■ Goal of the exercise
Each record must appear in your answer exactly as it does below.

╭─ Records supplied

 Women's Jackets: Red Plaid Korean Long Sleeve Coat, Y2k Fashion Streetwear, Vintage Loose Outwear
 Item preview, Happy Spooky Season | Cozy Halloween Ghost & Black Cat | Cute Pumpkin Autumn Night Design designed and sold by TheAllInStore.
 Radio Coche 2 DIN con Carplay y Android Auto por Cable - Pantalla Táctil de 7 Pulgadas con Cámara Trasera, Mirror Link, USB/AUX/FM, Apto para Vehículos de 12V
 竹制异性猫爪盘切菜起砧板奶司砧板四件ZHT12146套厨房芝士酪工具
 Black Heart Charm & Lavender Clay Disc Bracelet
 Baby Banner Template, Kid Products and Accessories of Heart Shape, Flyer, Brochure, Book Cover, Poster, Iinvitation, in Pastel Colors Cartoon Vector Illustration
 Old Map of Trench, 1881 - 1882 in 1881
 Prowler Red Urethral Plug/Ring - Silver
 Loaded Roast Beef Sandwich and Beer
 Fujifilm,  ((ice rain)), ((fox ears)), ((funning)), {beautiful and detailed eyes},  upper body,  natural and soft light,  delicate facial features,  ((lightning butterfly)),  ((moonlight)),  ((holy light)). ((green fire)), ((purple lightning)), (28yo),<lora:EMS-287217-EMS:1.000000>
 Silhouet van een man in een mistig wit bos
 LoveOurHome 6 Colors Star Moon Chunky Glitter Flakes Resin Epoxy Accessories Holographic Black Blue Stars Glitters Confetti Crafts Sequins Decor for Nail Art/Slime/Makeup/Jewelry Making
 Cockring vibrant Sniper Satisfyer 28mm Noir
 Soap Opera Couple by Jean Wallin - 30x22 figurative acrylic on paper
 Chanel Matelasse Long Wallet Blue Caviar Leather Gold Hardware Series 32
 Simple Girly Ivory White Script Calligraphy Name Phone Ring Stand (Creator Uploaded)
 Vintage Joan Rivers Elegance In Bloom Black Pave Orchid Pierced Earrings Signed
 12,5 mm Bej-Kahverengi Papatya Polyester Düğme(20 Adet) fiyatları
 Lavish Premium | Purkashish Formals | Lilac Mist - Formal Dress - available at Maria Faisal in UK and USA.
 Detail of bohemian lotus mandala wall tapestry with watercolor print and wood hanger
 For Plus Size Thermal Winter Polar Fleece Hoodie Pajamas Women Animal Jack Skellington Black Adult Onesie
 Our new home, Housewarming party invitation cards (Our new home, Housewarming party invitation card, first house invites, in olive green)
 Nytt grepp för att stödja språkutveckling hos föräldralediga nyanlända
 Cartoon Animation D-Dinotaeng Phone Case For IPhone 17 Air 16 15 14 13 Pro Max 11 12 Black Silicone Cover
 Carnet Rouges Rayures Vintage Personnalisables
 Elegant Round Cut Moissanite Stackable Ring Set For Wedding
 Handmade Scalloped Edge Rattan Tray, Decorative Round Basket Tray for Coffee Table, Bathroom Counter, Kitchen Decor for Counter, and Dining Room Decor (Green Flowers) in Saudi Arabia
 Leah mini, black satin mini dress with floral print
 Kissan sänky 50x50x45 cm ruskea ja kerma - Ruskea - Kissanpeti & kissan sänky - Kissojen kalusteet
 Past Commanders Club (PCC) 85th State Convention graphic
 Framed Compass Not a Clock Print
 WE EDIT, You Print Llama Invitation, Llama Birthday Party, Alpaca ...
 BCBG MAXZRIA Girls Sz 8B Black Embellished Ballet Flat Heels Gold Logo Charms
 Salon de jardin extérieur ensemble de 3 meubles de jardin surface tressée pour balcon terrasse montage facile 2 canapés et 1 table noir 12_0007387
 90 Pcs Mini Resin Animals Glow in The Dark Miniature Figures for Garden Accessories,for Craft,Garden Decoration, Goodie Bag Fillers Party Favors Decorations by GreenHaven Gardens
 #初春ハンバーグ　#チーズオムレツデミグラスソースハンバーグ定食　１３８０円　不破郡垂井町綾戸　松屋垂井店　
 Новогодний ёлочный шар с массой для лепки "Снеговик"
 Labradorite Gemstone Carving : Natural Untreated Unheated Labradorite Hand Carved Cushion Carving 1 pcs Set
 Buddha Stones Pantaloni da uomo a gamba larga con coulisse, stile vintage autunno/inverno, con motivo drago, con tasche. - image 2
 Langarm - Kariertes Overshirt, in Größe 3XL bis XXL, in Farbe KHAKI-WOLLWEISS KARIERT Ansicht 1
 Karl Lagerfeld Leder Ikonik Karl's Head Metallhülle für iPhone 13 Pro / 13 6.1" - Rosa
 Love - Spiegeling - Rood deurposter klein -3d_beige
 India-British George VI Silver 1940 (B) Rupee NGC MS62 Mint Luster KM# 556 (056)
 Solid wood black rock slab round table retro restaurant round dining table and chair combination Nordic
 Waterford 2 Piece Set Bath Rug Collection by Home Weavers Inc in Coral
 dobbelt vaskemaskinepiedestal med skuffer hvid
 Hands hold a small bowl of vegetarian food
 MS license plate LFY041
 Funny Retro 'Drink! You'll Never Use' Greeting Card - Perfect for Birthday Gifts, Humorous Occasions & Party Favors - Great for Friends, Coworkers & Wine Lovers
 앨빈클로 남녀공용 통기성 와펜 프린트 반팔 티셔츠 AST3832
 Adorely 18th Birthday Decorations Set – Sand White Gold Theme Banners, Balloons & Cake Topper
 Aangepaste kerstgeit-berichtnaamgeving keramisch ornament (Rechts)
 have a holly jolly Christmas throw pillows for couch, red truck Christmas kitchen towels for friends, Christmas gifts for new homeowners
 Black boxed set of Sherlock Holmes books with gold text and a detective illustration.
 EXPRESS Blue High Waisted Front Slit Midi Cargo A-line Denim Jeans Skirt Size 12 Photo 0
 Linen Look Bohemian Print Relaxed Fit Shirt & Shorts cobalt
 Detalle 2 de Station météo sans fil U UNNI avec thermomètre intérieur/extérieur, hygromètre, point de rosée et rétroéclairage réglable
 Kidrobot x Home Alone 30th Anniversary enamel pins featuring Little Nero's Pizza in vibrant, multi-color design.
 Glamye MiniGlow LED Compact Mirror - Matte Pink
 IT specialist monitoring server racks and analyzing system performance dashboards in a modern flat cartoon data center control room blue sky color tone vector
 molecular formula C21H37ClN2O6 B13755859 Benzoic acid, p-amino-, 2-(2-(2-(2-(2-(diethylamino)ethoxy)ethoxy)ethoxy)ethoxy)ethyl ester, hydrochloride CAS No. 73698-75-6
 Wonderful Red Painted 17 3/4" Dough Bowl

╰─

■ Finished exercise
 Women's Jackets: Red Plaid Korean Long Sleeve Coat, Y2k Fashion Streetwear, Vintage Loose Outwear
 Item preview, Happy Spooky Season | Cozy Halloween Ghost & Black Cat | Cute Pumpkin Autumn Night Design designed and sold by TheAllInStore.
 Radio Coche 2 DIN con Carplay y Android Auto por Cable - Pantalla Táctil de 7 Pulgadas con Cámara Trasera, Mirror Link, USB/AUX/FM, Apto para Vehículos de 12V
 竹制异性猫爪盘切菜起砧板奶司砧板四件ZHT12146套厨房芝士酪工具
 Black Heart Charm & Lavender Clay Disc Bracelet
 Baby Banner Template, Kid Products and Accessories of Heart Shape, Flyer, Brochure, Book Cover, Poster, Iinvitation, in Pastel Colors Cartoon Vector Illustration
 Old Map of Trench, 1881 - 1882 in 1881
 Prowler Red Urethral Plug/Ring - Silver
 Loaded Roast Beef Sandwich and Beer
 Fujifilm,  ((ice rain)), ((fox ears)), ((funning)), {beautiful and detailed eyes},  upper body,  natural and soft light,  delicate facial features,  ((lightning butterfly)),  ((moonlight)),  ((holy light)). ((green fire)), ((purple lightning)), (28yo),<lora:EMS-287217-EMS:1.000000>
 Silhouet van een man in een mistig wit bos
 LoveOurHome 6 Colors Star Moon Chunky Glitter Flakes Resin Epoxy Accessories Holographic Black Blue Stars Glitters Confetti Crafts Sequins Decor for Nail Art/Slime/Makeup/Jewelry Making
 Cockring vibrant Sniper Satisfyer 28mm Noir
 Soap Opera Couple by Jean Wallin - 30x22 figurative acrylic on paper
 Chanel Matelasse Long Wallet Blue Caviar Leather Gold Hardware Series 32
 Simple Girly Ivory White Script Calligraphy Name Phone Ring Stand (Creator Uploaded)
 Vintage Joan Rivers Elegance In Bloom Black Pave Orchid Pierced Earrings Signed
 12,5 mm Bej-Kahverengi Papatya Polyester Düğme(20 Adet) fiyatları
 Lavish Premium | Purkashish Formals | Lilac Mist - Formal Dress - available at Maria Faisal in UK and USA.
 Detail of bohemian lotus mandala wall tapestry with watercolor print and wood hanger
 For Plus Size Thermal Winter Polar Fleece Hoodie Pajamas Women Animal Jack Skellington Black Adult Onesie
 Our new home, Housewarming party invitation cards (Our new home, Housewarming party invitation card, first house invites, in olive green)
 Nytt grepp för att stödja språkutveckling hos föräldralediga nyanlända
 Cartoon Animation D-Dinotaeng Phone Case For IPhone 17 Air 16 15 14 13 Pro Max 11 12 Black Silicone Cover
 Carnet Rouges Rayures Vintage Personnalisables
 Elegant Round Cut Moissanite Stackable Ring Set For Wedding
 Handmade Scalloped Edge Rattan Tray, Decorative Round Basket Tray for Coffee Table, Bathroom Counter, Kitchen Decor for Counter, and Dining Room Decor (Green Flowers) in Saudi Arabia
 Leah mini, black satin mini dress with floral print
 Kissan sänky 50x50x45 cm ruskea ja kerma - Ruskea - Kissanpeti & kissan sänky - Kissojen kalusteet
 Past Commanders Club (PCC) 85th State Convention graphic
 Framed Compass Not a Clock Print
 WE EDIT, You Print Llama Invitation, Llama Birthday Party, Alpaca ...
 BCBG MAXZRIA Girls Sz 8B Black Embellished Ballet Flat Heels Gold Logo Charms
 Salon de jardin extérieur ensemble de 3 meubles de jardin surface tressée pour balcon terrasse montage facile 2 canapés et 1 table noir 12_0007387
 90 Pcs Mini Resin Animals Glow in The Dark Miniature Figures for Garden Accessories,for Craft,Garden Decoration, Goodie Bag Fillers Party Favors Decorations by GreenHaven Gardens
 #初春ハンバーグ　#チーズオムレツデミグラスソースハンバーグ定食　１３８０円　不破郡垂井町綾戸　松屋垂井店　
 Новогодний ёлочный шар с массой для лепки "Снеговик"
 Labradorite Gemstone Carving : Natural Untreated Unheated Labradorite Hand Carved Cushion Carving 1 pcs Set
 Buddha Stones Pantaloni da uomo a gamba larga con coulisse, stile vintage autunno/inverno, con motivo drago, con tasche. - image 2
 Langarm - Kariertes Overshirt, in Größe 3XL bis XXL, in Farbe KHAKI-WOLLWEISS KARIERT Ansicht 1
 Karl Lagerfeld Leder Ikonik Karl's Head Metallhülle für iPhone 13 Pro / 13 6.1" - Rosa
 Love - Spiegeling - Rood deurposter klein -3d_beige
 India-British George VI Silver 1940 (B) Rupee NGC MS62 Mint Luster KM# 556 (056)
 Solid wood black rock slab round table retro restaurant round dining table and chair combination Nordic
 Waterford 2 Piece Set Bath Rug Collection by Home Weavers Inc in Coral
 dobbelt vaskemaskinepiedestal med skuffer hvid
 Hands hold a small bowl of vegetarian food
 MS license plate LFY041
 Funny Retro 'Drink! You'll Never Use' Greeting Card - Perfect for Birthday Gifts, Humorous Occasions & Party Favors - Great for Friends, Coworkers & Wine Lovers
 앨빈클로 남녀공용 통기성 와펜 프린트 반팔 티셔츠 AST3832
 Adorely 18th Birthday Decorations Set – Sand White Gold Theme Banners, Balloons & Cake Topper
 Aangepaste kerstgeit-berichtnaamgeving keramisch ornament (Rechts)
 have a holly jolly Christmas throw pillows for couch, red truck Christmas kitchen towels for friends, Christmas gifts for new homeowners
 Black boxed set of Sherlock Holmes books with gold text and a detective illustration.
 EXPRESS Blue High Waisted Front Slit Midi Cargo A-line Denim Jeans Skirt Size 12 Photo 0
 Linen Look Bohemian Print Relaxed Fit Shirt & Shorts cobalt
 Detalle 2 de Station météo sans fil U UNNI avec thermomètre intérieur/extérieur, hygromètre, point de rosée et rétroéclairage réglable
 Kidrobot x Home Alone 30th Anniversary enamel pins featuring Little Nero's Pizza in vibrant, multi-color design.
 Glamye MiniGlow LED Compact Mirror - Matte Pink
 IT specialist monitoring server racks and analyzing system performance dashboards in a modern flat cartoon data center control room blue sky color tone vector
 molecular formula C21H37ClN2O6 B13755859 Benzoic acid, p-amino-, 2-(2-(2-(2-(2-(diethylamino)ethoxy)ethoxy)ethoxy)ethoxy)ethyl ester, hydrochloride CAS No. 73698-75-6
 Wonderful Red Painted 17 3/4" Dough Bowl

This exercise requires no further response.